## [WHAT IS BEING ASKED]
Return the data below unaltered, but strip out the pictures.

## [EXTRACTED RECORDS]
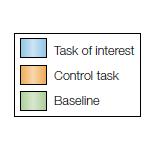 Task B REST Task A vs. No-task ( vs.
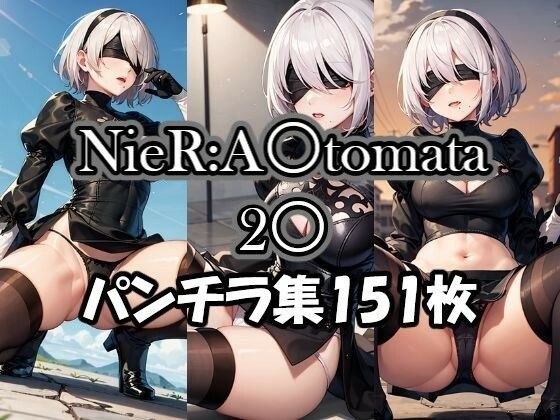 NieR Tomata 20 内裤镜头合集 メイン画像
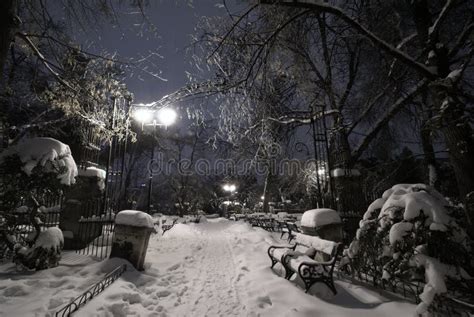 Empty Park Under Snow during Winter Cold Night Stock Image - Image of deserted, freezing: 23248353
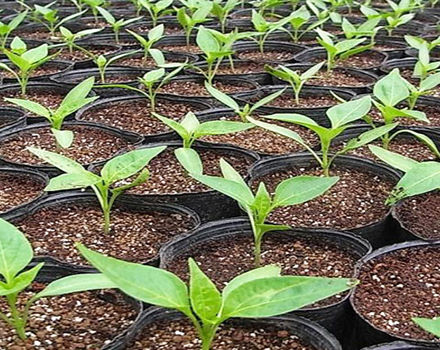 Lepšie kŕmenie sadeníc korenia pre rast doma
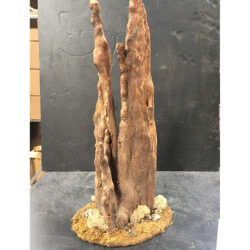 cypress knees natural decor assorted 36 inch inches rental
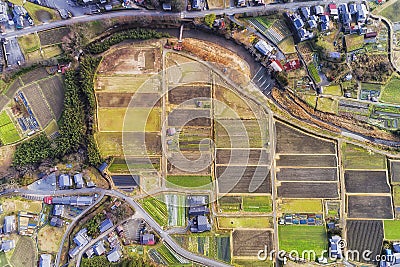 D JP Ohara rice fields top down Stock Photo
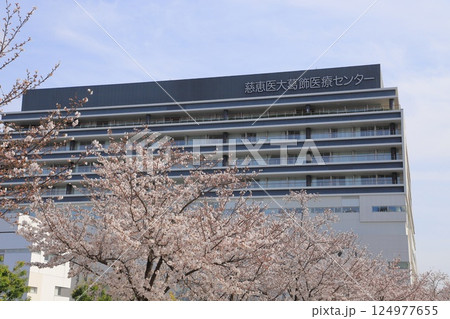 満開の桜と慈恵医大葛飾医療センター 葛飾区青戸 満開の桜と慈恵医大葛飾医療センター 葛飾区青戸 124977655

## [RESULT FOR THIS EXERCISE]
 Task B REST Task A vs. No-task ( vs.
 NieR Tomata 20 内裤镜头合集 メイン画像
 Empty Park Under Snow during Winter Cold Night Stock Image - Image of deserted, freezing: 23248353
 Lepšie kŕmenie sadeníc korenia pre rast doma
 cypress knees natural decor assorted 36 inch inches rental
 D JP Ohara rice fields top down Stock Photo
 満開の桜と慈恵医大葛飾医療センター 葛飾区青戸 満開の桜と慈恵医大葛飾医療センター 葛飾区青戸 124977655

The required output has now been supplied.